Осень! Чует рыба, что не за горами и зима. Не торопясь, скатывается ленок, с остановками на глубоких плёсах, чтобы напоследок полакомиться подросшими за лето мальками. Жируя, не разбирает, где свой, где чужой, может и мелкого леночка проглотить. Полетела хвоя лиственниц. Побыстрей покатилась рыба. Да вот только дорога вниз бывает намного труднее, чем в верховья. А всё жадность людская. Перегородили реки заездками. Глухая стена, одна щель, из которой водопадом вырывается вода, а внизу сеть. Глупые гольяны, харьюзки да налимы прут без разбору, набиваются в сетку. Молотит их поток, выбеливает в заездках во время непроверенных, а порой и брошенных пьяными от водки и большого улова хапугами. Ленок, таймень похитрее – крутятся по улову, образованному заездкой, в щель не лезут.
Шуга пошла, перехватило перекаты. Осталась рыба зимовать, табунится, ищет место поглубже, с родниками. Жмут морозы. Всё толще лёд, всё сильнее давит, то там, то здесь вырвется вода из плена, разольётся парящей наледью. Уходит из ямы вода, промерзает речка к середине зимы до самого дна. Белый снег засыпает русло, сравнивает его с берегами. На мари другой раз и не догадаешься, пока не провалишься по пояс в снег, что летом здесь журчали, переливались, сверкая на солнце, живительные струи.
Довелось по весне, когда растопило вешнее солнышко льды, встретить такое плёсо, внизу которого была полуразвалившаяся заездка.

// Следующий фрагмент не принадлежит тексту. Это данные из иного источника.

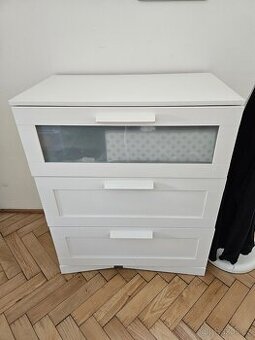 Komoda Ikea BRIMNES bílá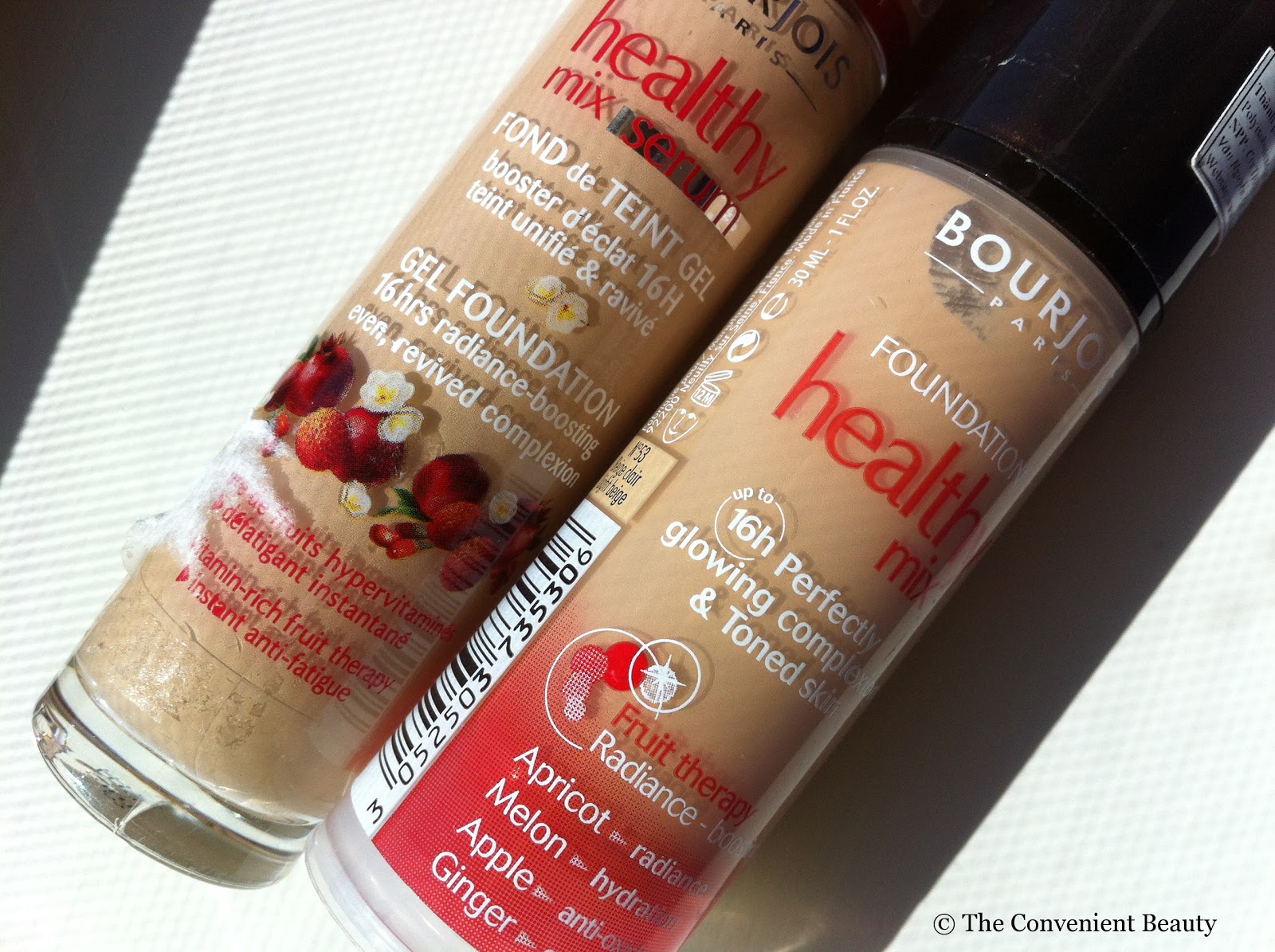 The Convenient Review: Bourjois Foundations Healthy Mix and Healthy Mix Serum 53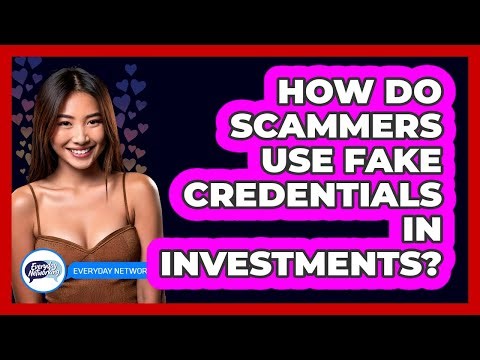 How Do Scammers Use Fake Credentials In Investments?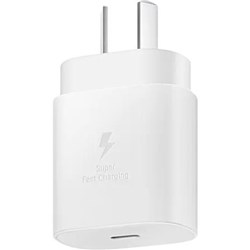 Samsung 25W USB-C wall Charger (White)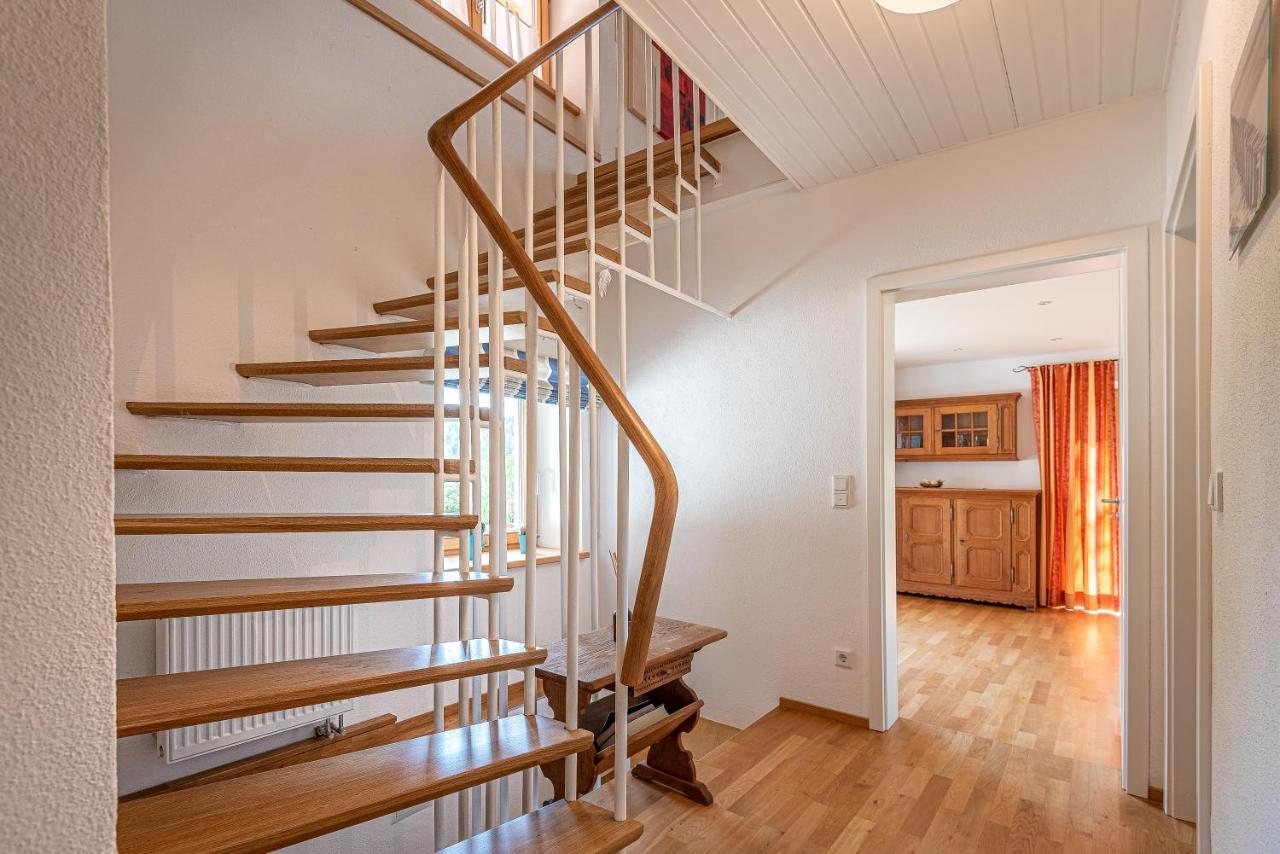 Ferienhaus Schlierachtal ミースバッハ エクステリア 写真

Всё дно было устлано дохлой рыбой. А всё жадность людская. Не пустили рыбу сетями на нерест. Заездками не дали ей по осени скатиться. Пару лет повторили. И всё – вымер ключ. Ведь на нерест каждая рыба в свой ключ идёт, к роднику, где родилась. Идёт, чтобы дать жизнь новому поколению, продлить свой род. Угас род, и вымерла речка. Врут ихтиологи, что у рыбы холодная кровь. Это у человека нет сердца, а вместо крови марганцовка пополам с китайским спиртом. А ленок недаром относится к красной рыбе. Красное. Красен. Прекрасная, благородная рыба, украшение рек Забайкалья. Вот только как сохранить эту красоту для наших правнуков?